* [Data for the task]:

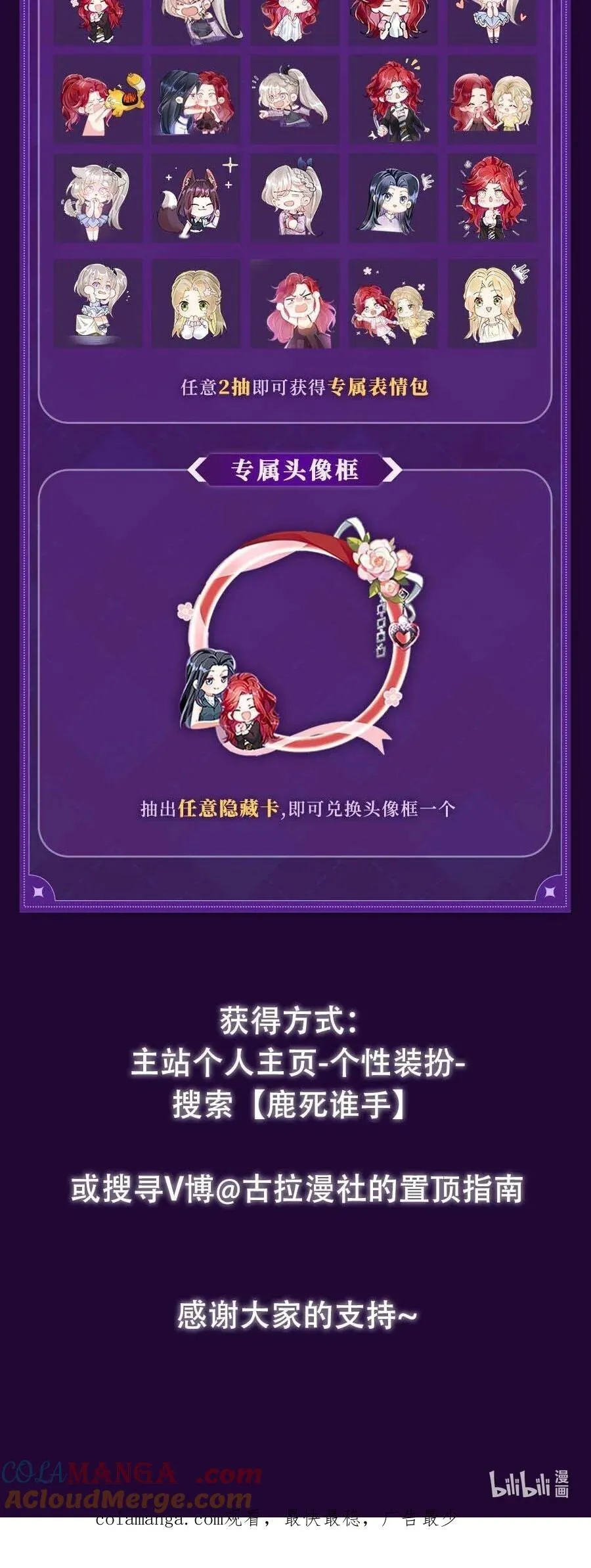 活动公告 装扮活动来啦~2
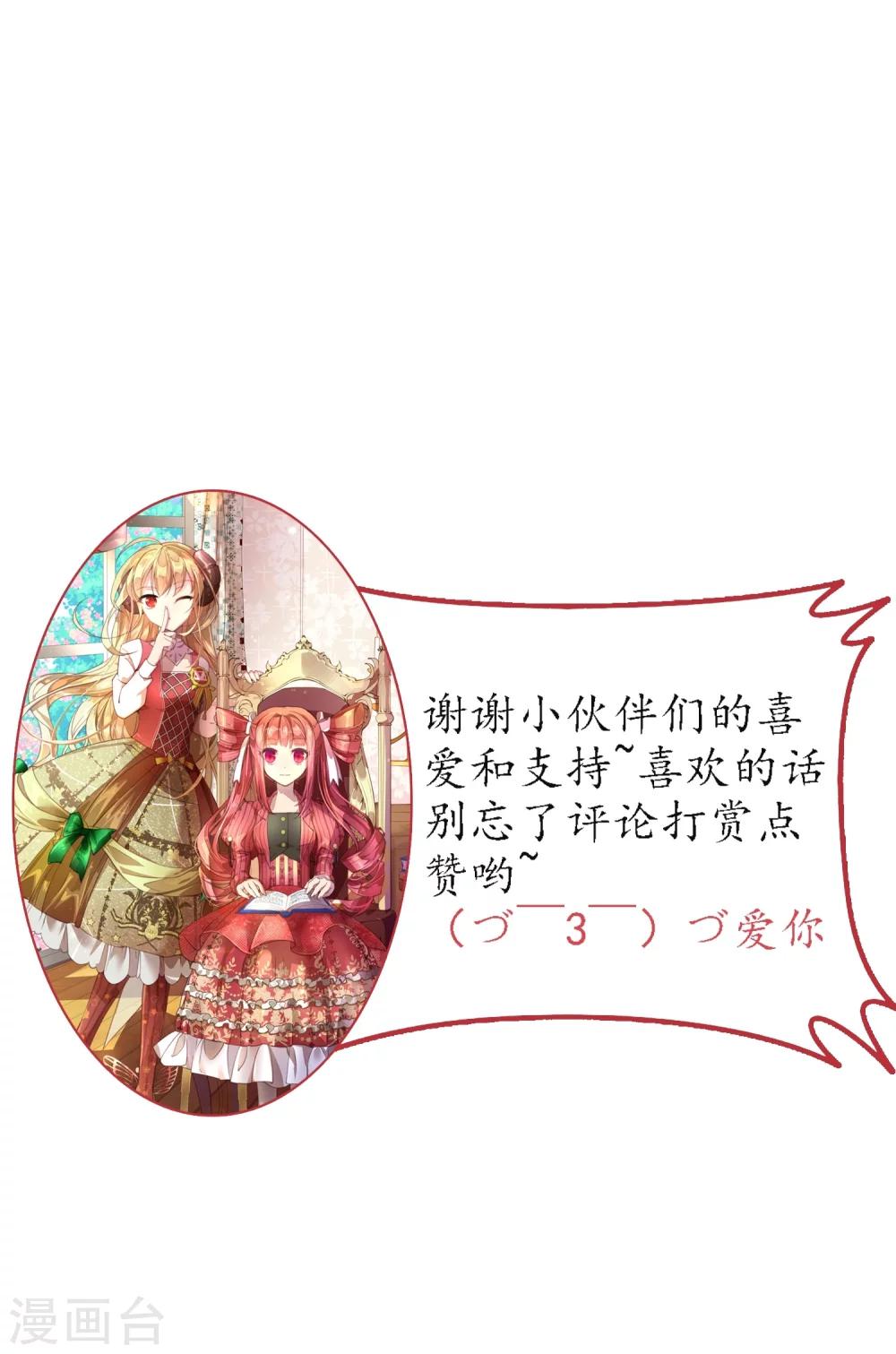 第5话 我有我必胜之道！-第6话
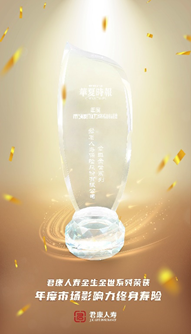 君康人寿“金生金世”系列产品荣获“年度市场影响力终身寿险”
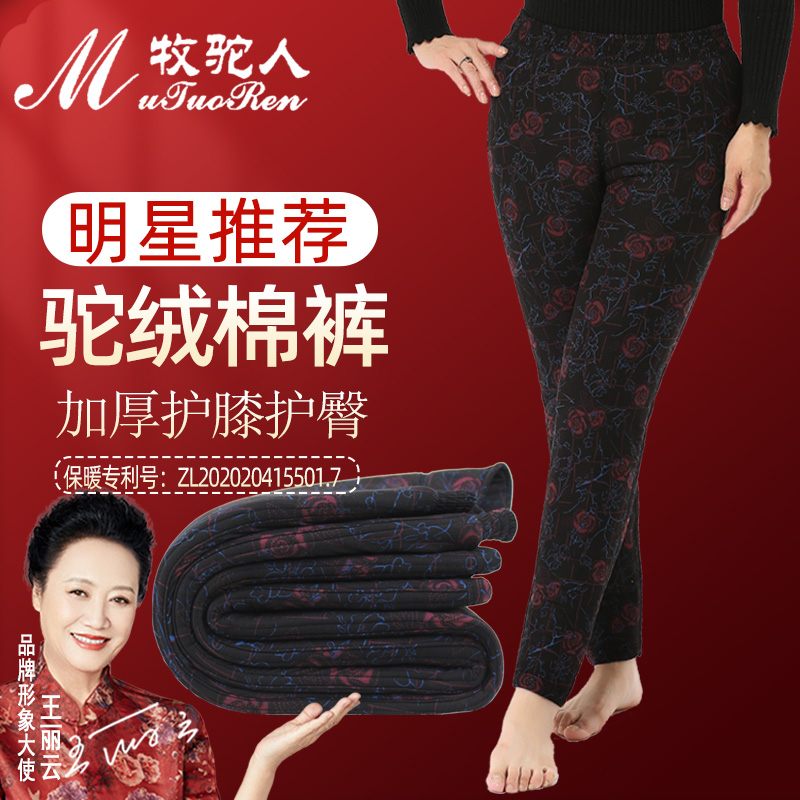 牧驼人高腰深裆宽松加厚加绒驼绒保暖女外穿中老年棉裤妈妈裤弹力
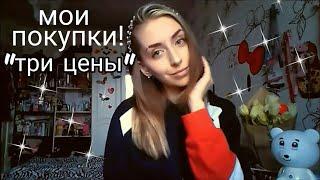 ТРИ ЦЕНЫ!!/МОИ ПОКУПКИ/БРЕСТ :)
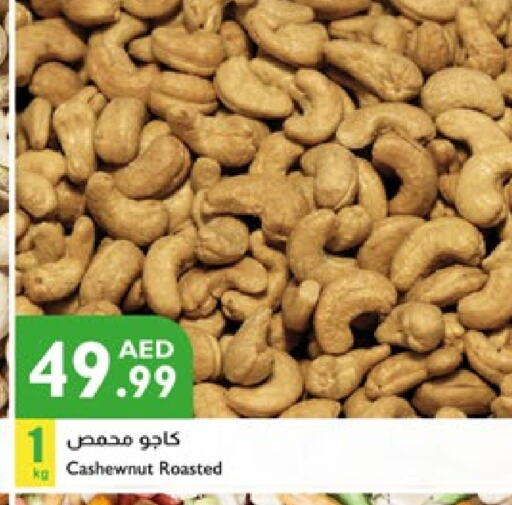 الفواكه المجففة و التمور in إسطنبول سوبرماركت, UAE Offers - الإمارات العربية المتحدة available at إسطنبول سوبرماركت in الإمارات العربية المتحدة , الامارات - الشارقة / عجمان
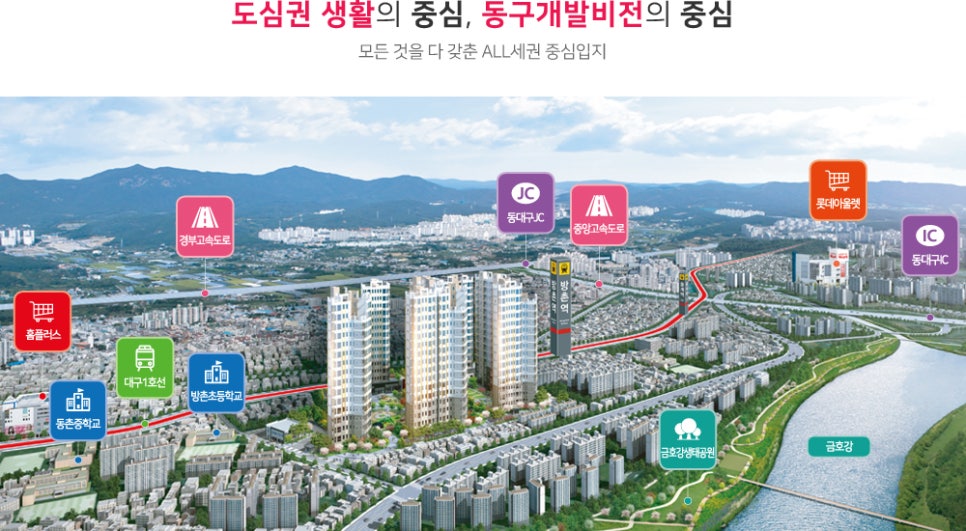 세영마트 이미지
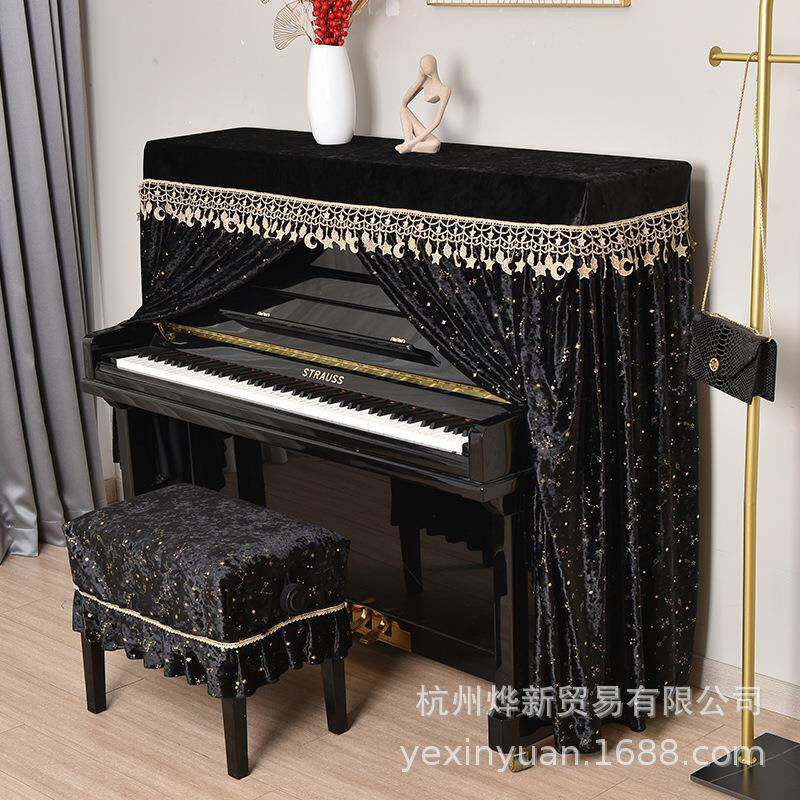 钻石绒钢加厚琴防尘罩轻琴奢高档黑色防尘钢琴罩罩钢琴盖全布璀璨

* [Work task]:
Word for word, print every record, and leave out any picture.

* [Task response]:
 活动公告 装扮活动来啦~2
 第5话 我有我必胜之道！-第6话
 君康人寿“金生金世”系列产品荣获“年度市场影响力终身寿险”
 牧驼人高腰深裆宽松加厚加绒驼绒保暖女外穿中老年棉裤妈妈裤弹力
 ТРИ ЦЕНЫ!!/МОИ ПОКУПКИ/БРЕСТ :)
 الفواكه المجففة و التمور in إسطنبول سوبرماركت, UAE Offers - الإمارات العربية المتحدة available at إسطنبول سوبرماركت in الإمارات العربية المتحدة , الامارات - الشارقة / عجمان
 세영마트 이미지
 钻石绒钢加厚琴防尘罩轻琴奢高档黑色防尘钢琴罩罩钢琴盖全布璀璨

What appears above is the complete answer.